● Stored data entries
• • • • •
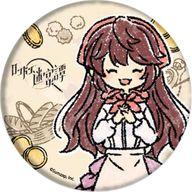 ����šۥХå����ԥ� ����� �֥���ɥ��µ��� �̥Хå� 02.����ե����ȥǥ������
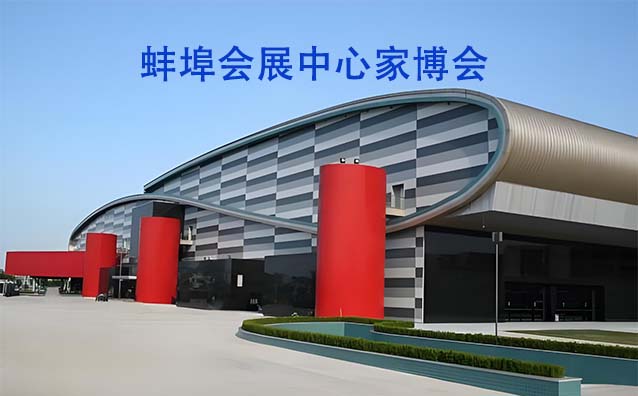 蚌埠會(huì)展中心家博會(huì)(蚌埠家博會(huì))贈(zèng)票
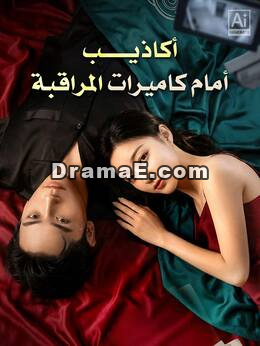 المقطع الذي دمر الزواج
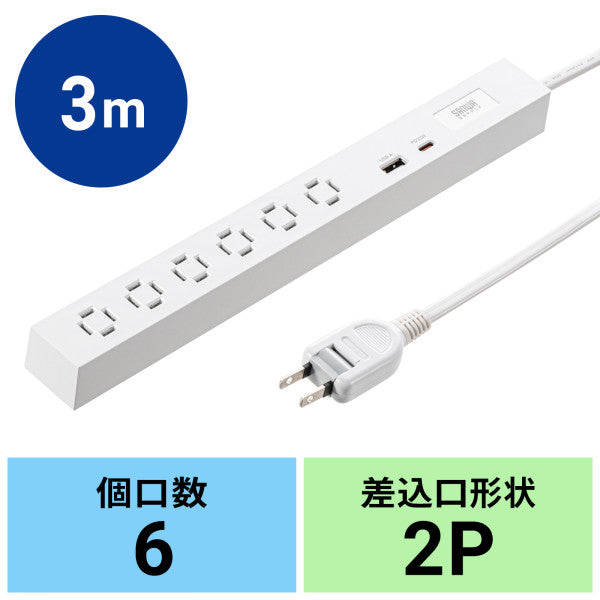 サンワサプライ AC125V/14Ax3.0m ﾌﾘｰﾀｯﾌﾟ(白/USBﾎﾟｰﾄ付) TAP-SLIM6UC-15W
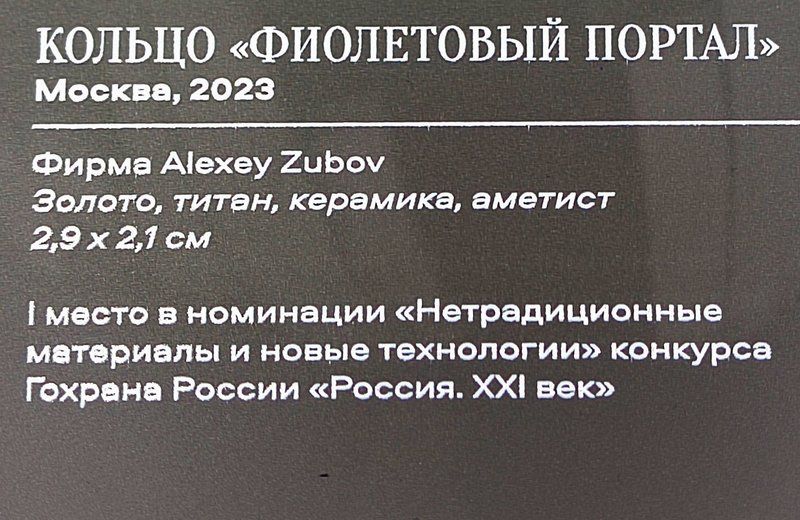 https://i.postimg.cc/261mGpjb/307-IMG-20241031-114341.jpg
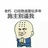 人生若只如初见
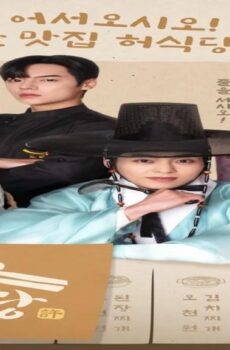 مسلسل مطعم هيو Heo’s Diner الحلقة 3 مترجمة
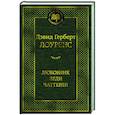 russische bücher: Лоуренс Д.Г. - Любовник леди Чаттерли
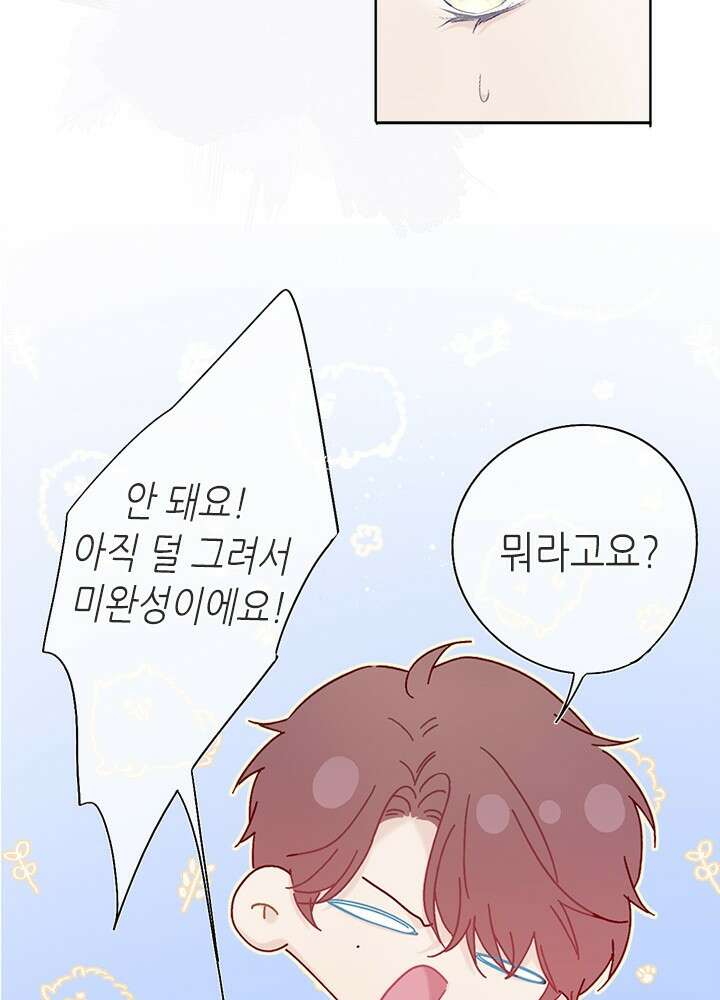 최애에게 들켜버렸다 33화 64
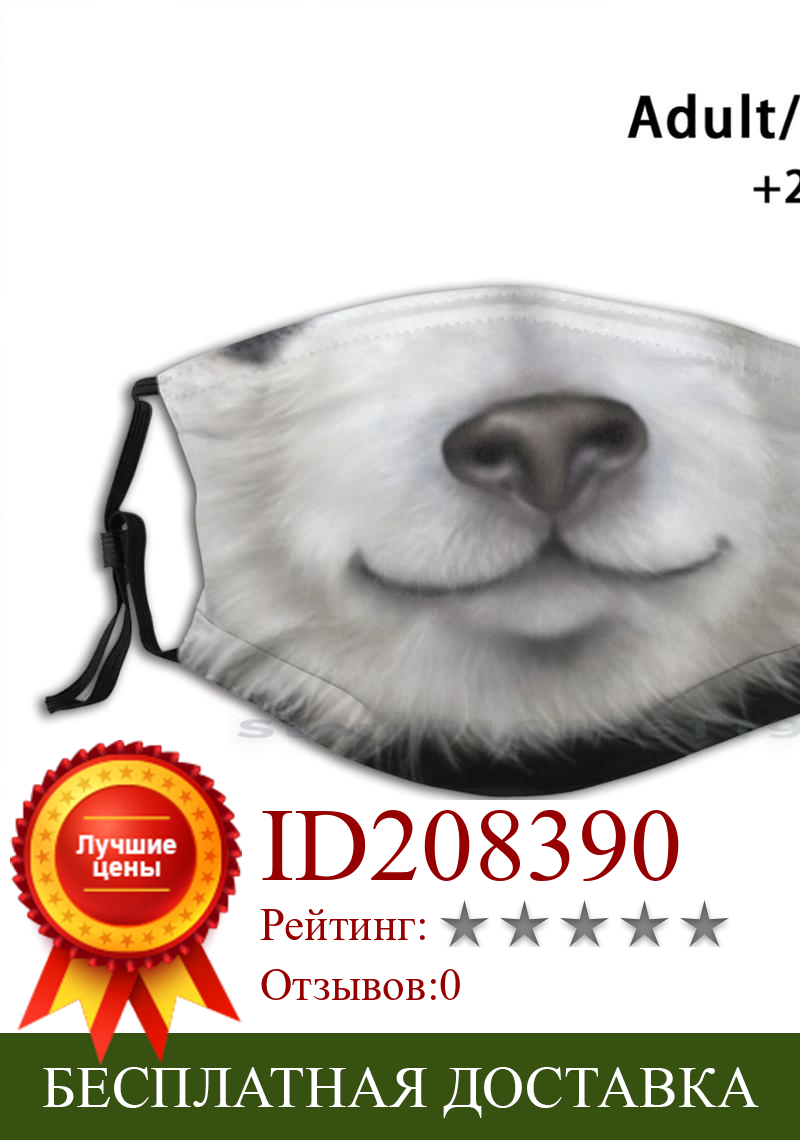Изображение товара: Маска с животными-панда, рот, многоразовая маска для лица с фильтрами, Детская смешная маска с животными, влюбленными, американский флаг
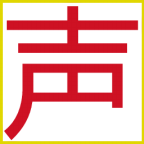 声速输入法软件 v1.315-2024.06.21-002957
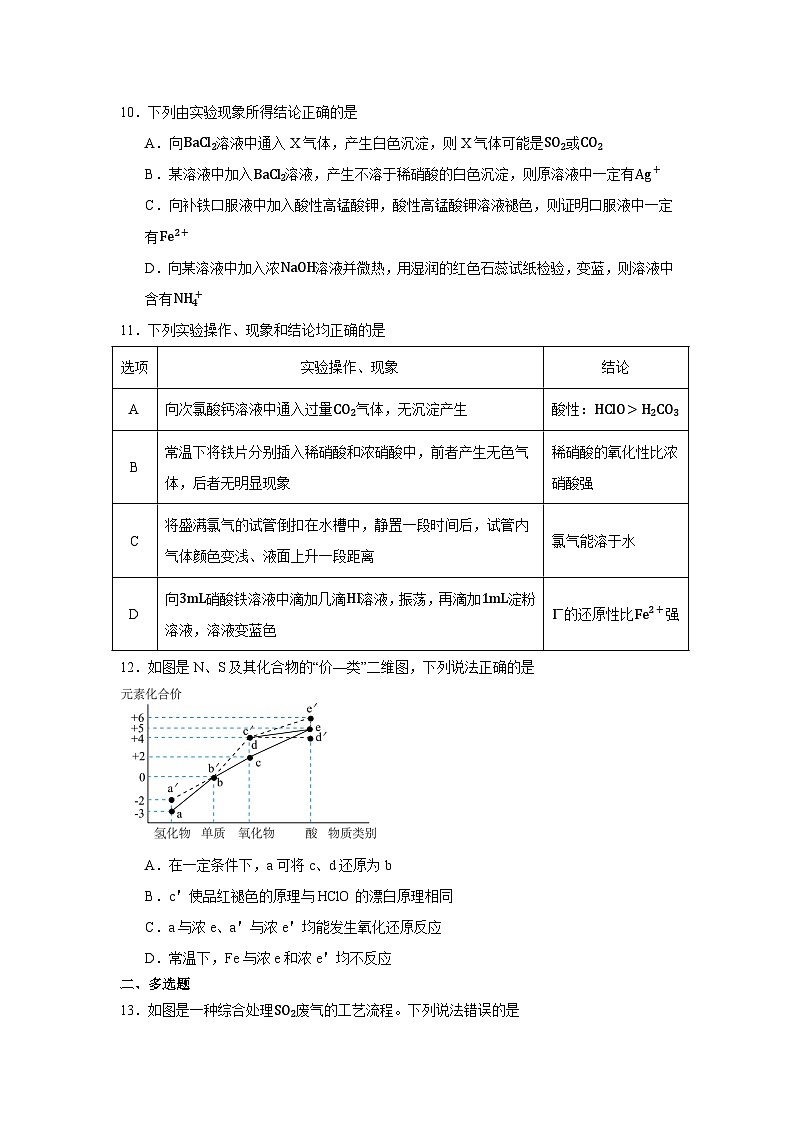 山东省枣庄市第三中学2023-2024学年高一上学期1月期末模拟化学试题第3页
• • • • •
● YOUR ASSIGNMENT
Repeat exactly the lines in the entries from the one containing "russische bücher: Лоуренс" to the final line, inclusive, and nothing beyond them; skip pictures.

● TASK SOLUTION
 russische bücher: Лоуренс Д.Г. - Любовник леди Чаттерли
 최애에게 들켜버렸다 33화 64
Изображение товара: Маска с животными-панда, рот, многоразовая маска для лица с фильтрами, Детская смешная маска с животными, влюбленными, американский флаг
 声速输入法软件 v1.315-2024.06.21-002957
 山东省枣庄市第三中学2023-2024学年高一上学期1月期末模拟化学试题第3页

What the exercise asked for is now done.